The calculation of diluted earnings per share ("Diluted EPS") assumes conversion of the Companys Convertible Notes as of the beginning of the respective periods and the elimination of the related after-tax interest expense and assumes, as of the beginning of the period, exercise of stock options and warrants (using the treasury stock method). Certain of the Companys stock options that would potentially dilute Basic EPS in the future were not included in the computation of Diluted EPS because to do so would have been antidilutive for the periods presented. Diluted EPS has also been retroactively restated for all periods presented to give effect to the 10% stock dividend.
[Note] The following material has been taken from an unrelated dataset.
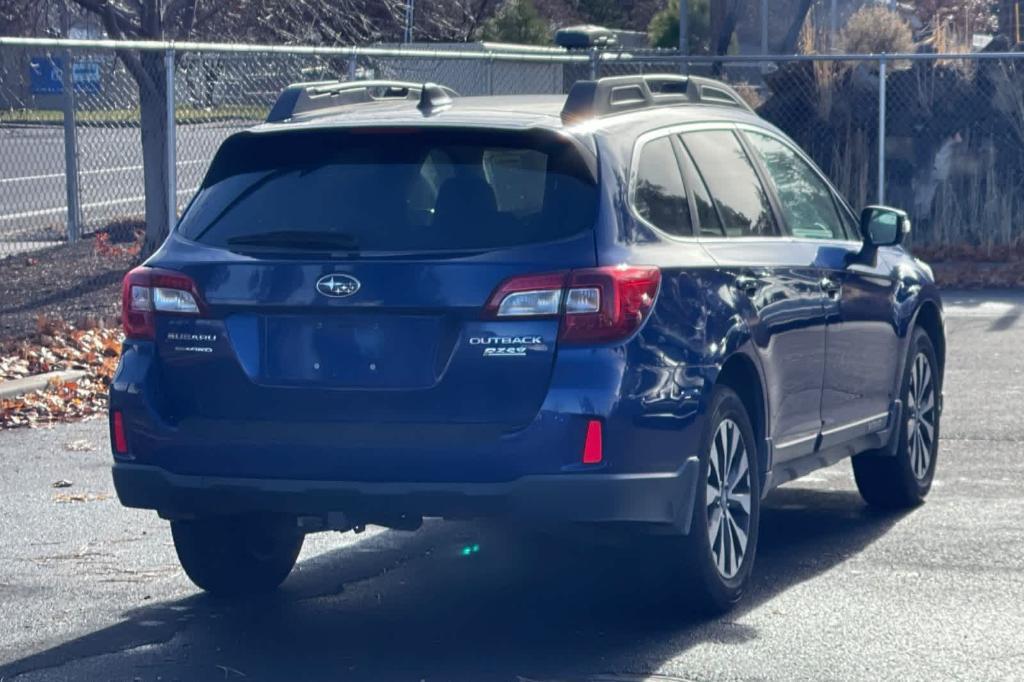 used 2016 Subaru Outback car, priced at $14,990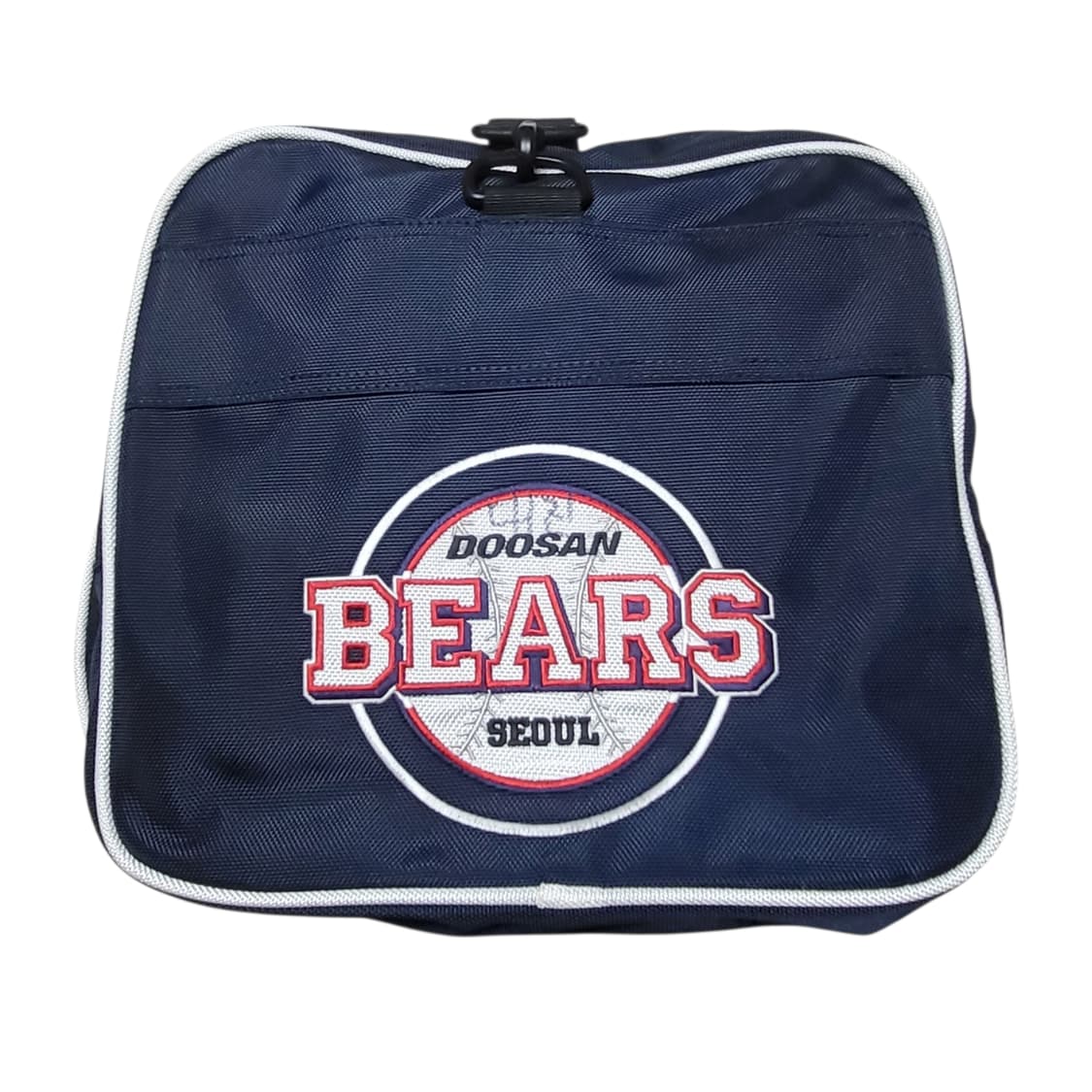 (선수지급) FILA 두산베어스 더플백 야구가방 Doosan bears 상품이미지7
The original conversion price of the Convertible Notes of $34.6875 has been revised to $31.534 to reflect the October 1997 stock dividend declared.
New Accounting Pronouncement
In June 1998, the Financial Accounting Standards Board issued SFAS No. 133, "Accounting for Derivative Instruments and Hedging Activities." The Statement establishes accounting and reporting standards requiring that every derivative instrument (including certain derivative instruments embedded in other contracts) be recorded in the balance sheet as either an asset or liability measured at its fair value. SFAS No. 133 requires that changes in the derivatives fair value be recognized currently in earnings unless specific hedge accounting criteria are met. Special accounting for qualifying hedges allows the gains and losses on derivatives to offset related results on the hedged item in the income statements and requires that a company must formally document, designate, and assess the effectiveness of transactions that receive hedge accounting. SFAS No. 133 is effective for fiscal years beginning after June 15, 1999. The Company is currently evaluating the new standard, but has not yet determined the impact it will have on its financial position and results of operations.
(3) BANK BORROWINGS
Under its new $250.0 million revolving credit facility with a syndicate of ten banks (the "New Credit Facility"), at March 31, 1999, the Company had outstanding borrowings of $141.8 million. At December 31, 1998, the Company had outstanding borrowings of $146.2 million under its borrowing arrangements. At March 31, 1999, the New Credit Facility consisted of a $250.0 million revolving line of credit with a $170.0 million borrowing base. The interest rate is either (a) the lead banks prime rate (7.75% at March 31, 1999) or (b) the adjusted London Interbank Offered Rate ("LIBOR") plus the applicable margin depending on the level of outstanding debt (a weighted average of 6.38% at March 31, 1999). The applicable margin is based on the Companys ratio of outstanding balance on the New Credit Facility to the last calculated borrowing base. Of the $141.8 million borrowed at March 31, 1999, $140.0 million was borrowed at the LIBOR rate.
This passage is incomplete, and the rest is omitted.